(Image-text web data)
=== Begin Enclosure ===
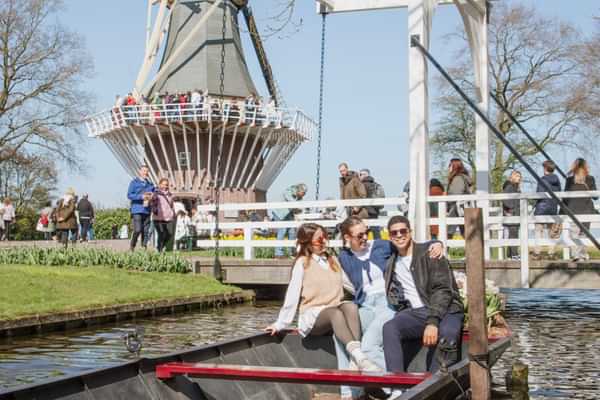 Keukenhof bus tour from Amsterdam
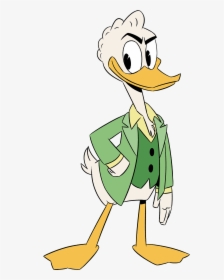Gladstone Gander Ducktales, HD Png Download, Transparent PNG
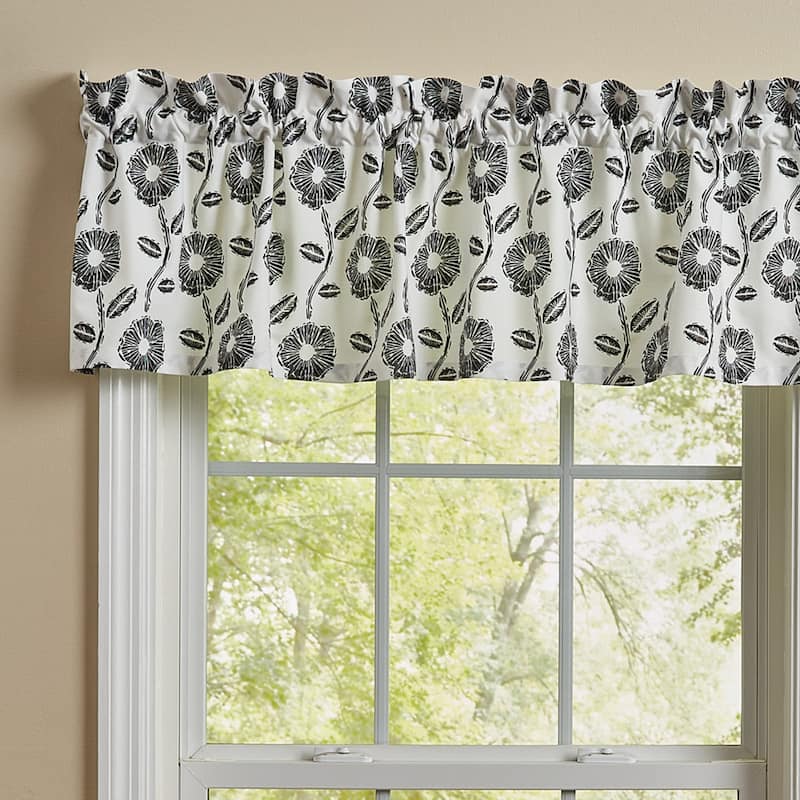 Split P Split P Urban Flower Valance 60" X 14" - 14" X 60"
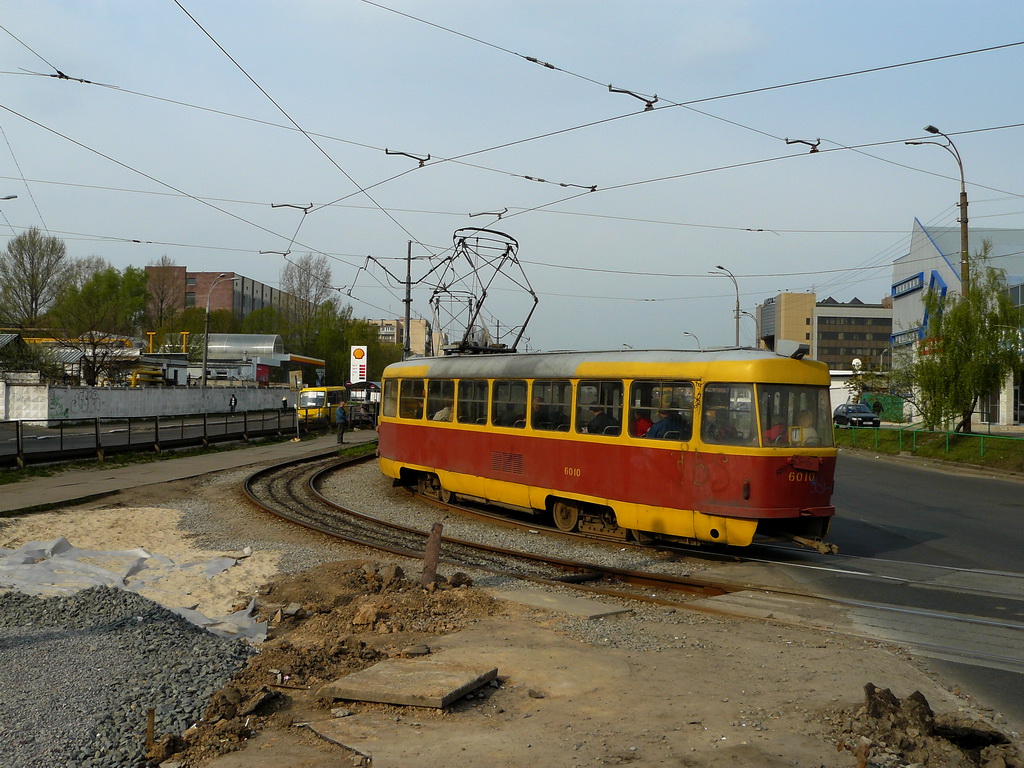 Киев, Tatra T3SU № 6010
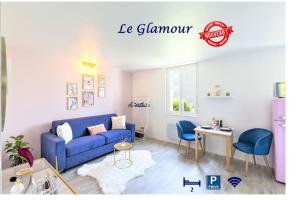 Appartements LE GLAMOUR *STUDIO *PARKING PRIVE* *WIFI*CALME* : photos des chambres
=== End Enclosure ===
### Your instructions:
Exact copy, no pictures: reproduce every record above.

### Solution for this problem:
 Keukenhof bus tour from Amsterdam
Gladstone Gander Ducktales, HD Png Download, Transparent PNG
 Split P Split P Urban Flower Valance 60" X 14" - 14" X 60"
 Киев, Tatra T3SU № 6010
 Appartements LE GLAMOUR *STUDIO *PARKING PRIVE* *WIFI*CALME* : photos des chambres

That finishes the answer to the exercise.